===== DATA EXTRACTS

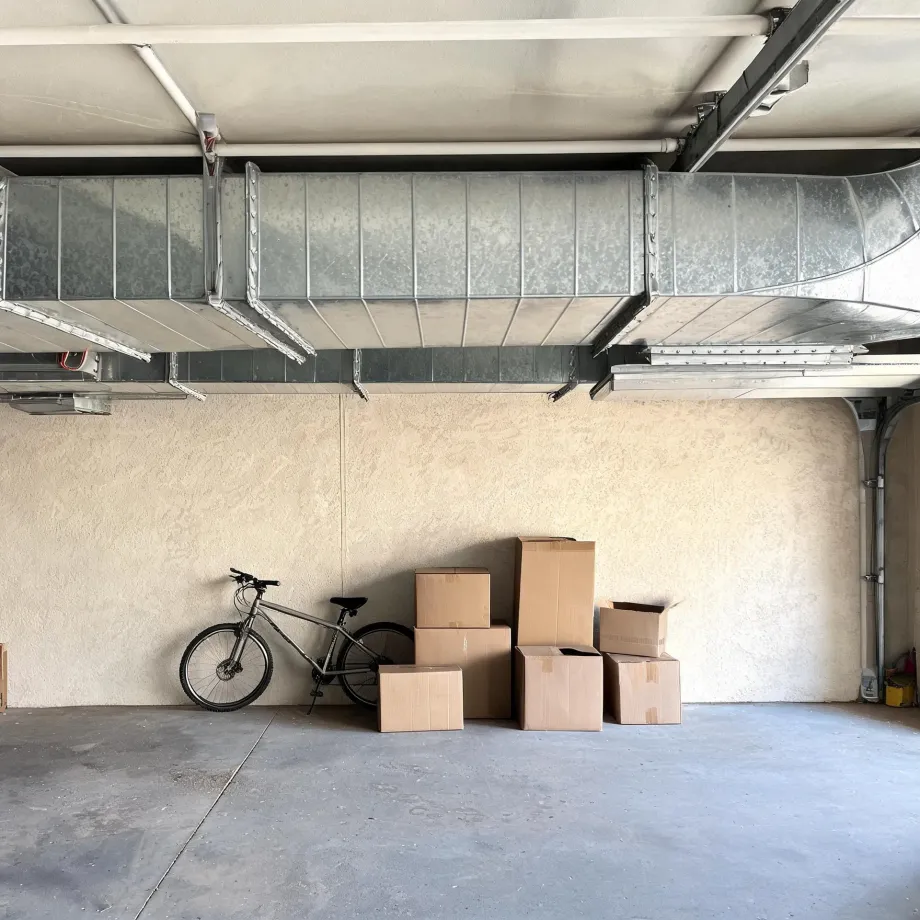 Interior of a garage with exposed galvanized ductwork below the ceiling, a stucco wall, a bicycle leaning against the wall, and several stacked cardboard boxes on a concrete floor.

==========
===== DATA EXTRACTS

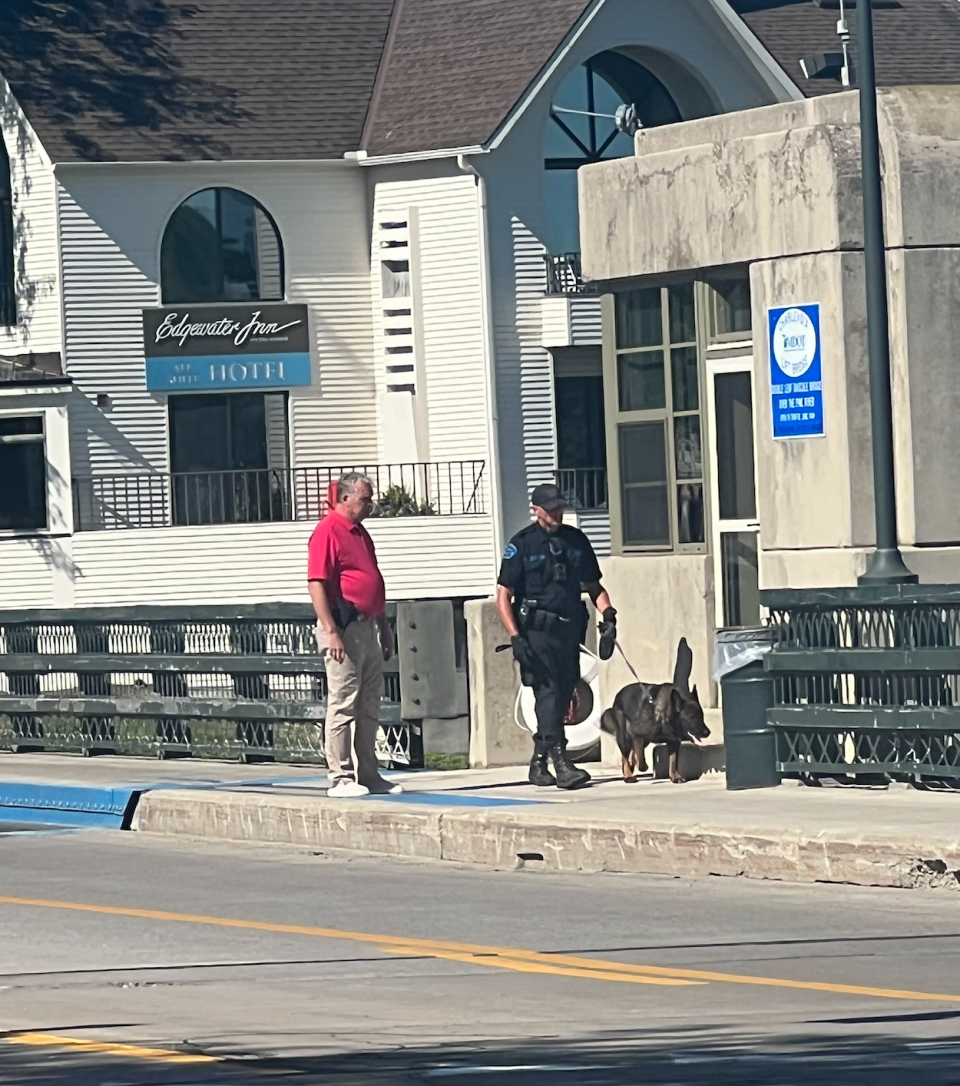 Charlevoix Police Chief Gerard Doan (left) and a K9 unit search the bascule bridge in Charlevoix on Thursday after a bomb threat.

==========
===== DATA EXTRACTS

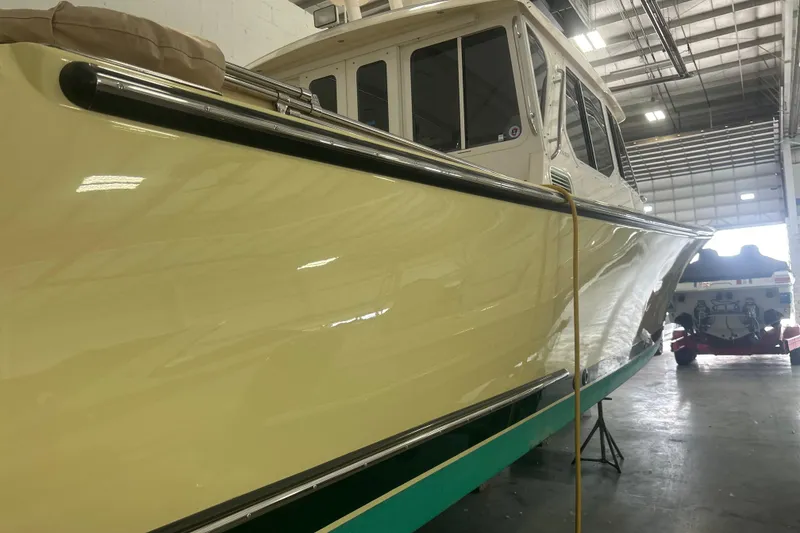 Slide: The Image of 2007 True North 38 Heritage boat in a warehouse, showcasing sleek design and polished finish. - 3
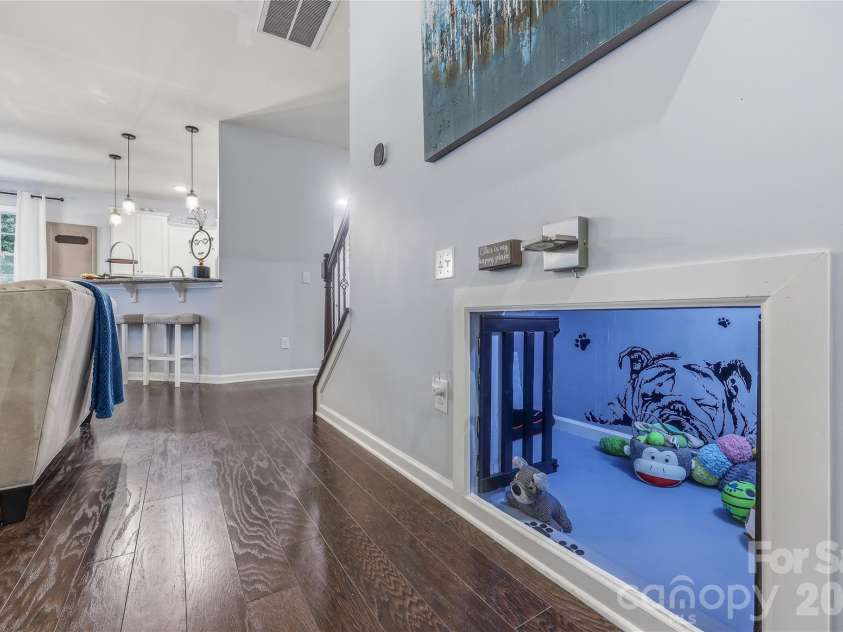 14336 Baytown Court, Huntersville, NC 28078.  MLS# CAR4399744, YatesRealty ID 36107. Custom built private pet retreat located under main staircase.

==========

* [WORK ORDER] The output is the stretch above from the line with "Slide: The Image" through the line with "14336 Baytown Court, Huntersville, NC", copied word for word with both ends kept and every picture dropped.

* [EXERCISE RESPONSE]
 Slide: The Image of 2007 True North 38 Heritage boat in a warehouse, showcasing sleek design and polished finish. - 3
 14336 Baytown Court, Huntersville, NC 28078.  MLS# CAR4399744, YatesRealty ID 36107. Custom built private pet retreat located under main staircase.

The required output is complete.